*** Opening Records supplied ***

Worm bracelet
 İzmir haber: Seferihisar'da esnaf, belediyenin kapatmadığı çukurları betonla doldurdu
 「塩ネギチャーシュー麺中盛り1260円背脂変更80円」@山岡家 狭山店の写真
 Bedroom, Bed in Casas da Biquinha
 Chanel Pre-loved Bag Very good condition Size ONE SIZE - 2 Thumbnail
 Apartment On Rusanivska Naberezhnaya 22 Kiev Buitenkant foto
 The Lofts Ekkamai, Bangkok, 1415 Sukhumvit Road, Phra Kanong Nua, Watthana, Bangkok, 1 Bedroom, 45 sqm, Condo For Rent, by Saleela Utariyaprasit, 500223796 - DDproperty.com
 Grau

*** Closing Records supplied ***

All records above need to be set down again exactly as written.

Worm bracelet
 İzmir haber: Seferihisar'da esnaf, belediyenin kapatmadığı çukurları betonla doldurdu
 「塩ネギチャーシュー麺中盛り1260円背脂変更80円」@山岡家 狭山店の写真
 Bedroom, Bed in Casas da Biquinha
 Chanel Pre-loved Bag Very good condition Size ONE SIZE - 2 Thumbnail
 Apartment On Rusanivska Naberezhnaya 22 Kiev Buitenkant foto
 The Lofts Ekkamai, Bangkok, 1415 Sukhumvit Road, Phra Kanong Nua, Watthana, Bangkok, 1 Bedroom, 45 sqm, Condo For Rent, by Saleela Utariyaprasit, 500223796 - DDproperty.com
 Grau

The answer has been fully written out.